The arm one doesn't have priority over dwarf.  Same for nds32 and rs6000.

So, this particularity seems limited to amd64/i386.
Comment 2 Tom de Vries 2023-01-20 14:23:11 UTC
Here ( https://gcc.gnu.org/gcc-4.5/changes.html ) I read:
...
GCC now generates unwind info also for epilogues. 
...
So, maybe this was fixed in gcc 4.5 ?
Comment 3 Tom de Vries 2023-01-20 14:47:35 UTC
I did a build and test run with i386_epilogue_frame_unwind and amd64_epilogue_frame_unwind disabled, with gcc 7.5.0.  No regressions.
Comment 4 Tom de Vries 2023-01-20 16:02:50 UTC
(In reply to Tom de Vries from comment #2)
> Here ( https://gcc.gnu.org/gcc-4.5/changes.html ) I read:
> ...
> GCC now generates unwind info also for epilogues. 
> ...
> So, maybe this was fixed in gcc 4.5 ?

OK, I think this is referring to: https://gcc.gnu.org/pipermail/gcc-patches/2009-May/261377.html which was committed as cd9c1ca866b6aa5041a352e0ed07ae5f91e235e5 .

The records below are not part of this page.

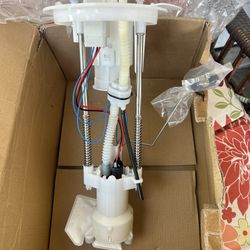 Premium Fuel Pump, Module Base Sending Unit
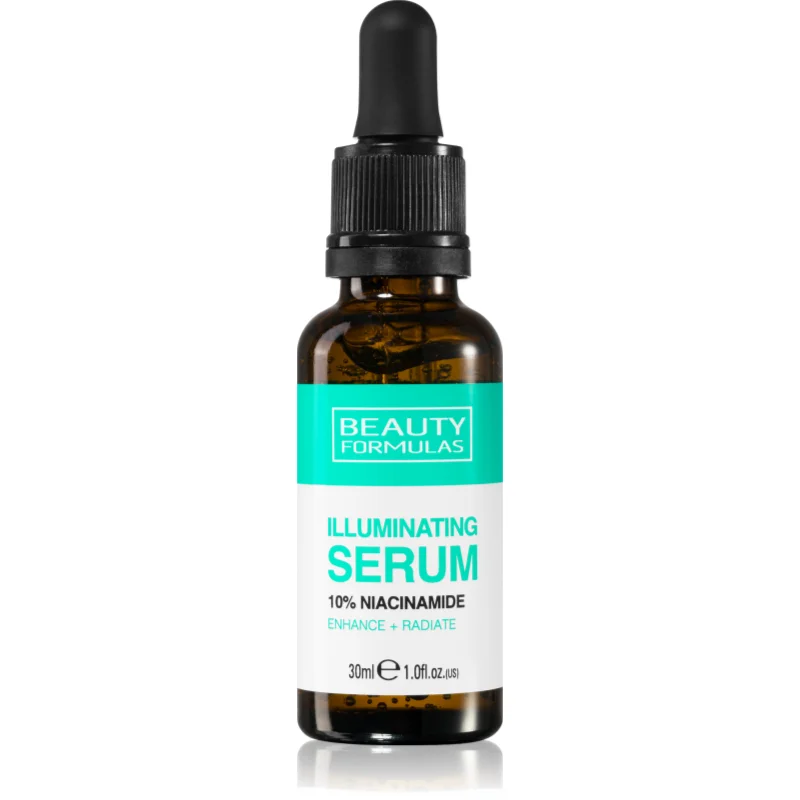 Beauty Formulas Illuminating 10% Niacinamide озаряващ серум против пигментни петна - Грижа за лице - Сравни цени от 1 магазин с безплатна доставка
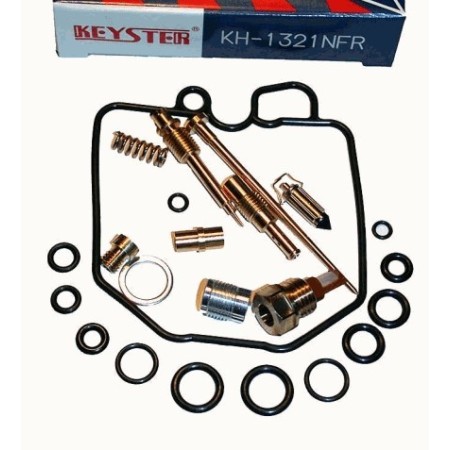 Service Moto Pieces|Carburateur - Kit de reparation (x1) - CBX1000 (SC06)|Kit Honda|29,90 €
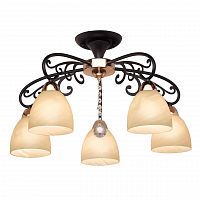потолочная люстра silver light janette 261.59.5 в Ставрополе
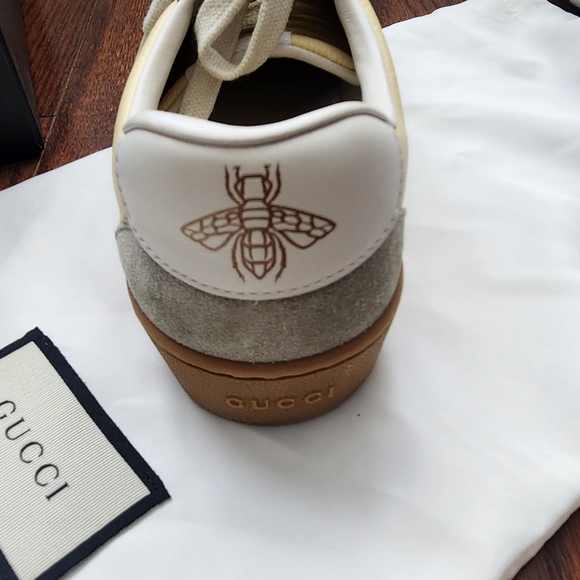 💯 Authentic Gucci Sneakers - Picture 7 of 9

First tag to contain the commit: 4.5.0.
Comment 5 Tom de Vries 2023-01-20 16:24:32 UTC
(In reply to Tom de Vries from comment #4)
> (In reply to Tom de Vries from comment #2)
> > Here ( https://gcc.gnu.org/gcc-4.5/changes.html ) I read:
> > ...
> > GCC now generates unwind info also for epilogues. 
> > ...
> > So, maybe this was fixed in gcc 4.5 ?
> 
> OK, I think this is referring to:
> https://gcc.gnu.org/pipermail/gcc-patches/2009-May/261377.html which was
> committed as cd9c1ca866b6aa5041a352e0ed07ae5f91e235e5 .
> 
> First tag to contain the commit: 4.5.0.

And, we already know this:
...
      if (gcc_4_minor >= 5)
        cust->set_epilogue_unwind_valid (true);
...

So we already scan the producer for https://sourceware.org/pipermail/gdb-patches/2011-June/083429.html , and crucially:
...
I find questionable this detection uses DWARF DW_AT_producer.  Therefore on
binaries with .eh_frame but no (DWARF) debug info the detection fails and
epilogue unwinders will get into affect.
...

So, that's what's happening.  We have dwarf apart from .eh_frame, and we don't use the .eh_frame info because we can't check that the producer is 4.5 or older.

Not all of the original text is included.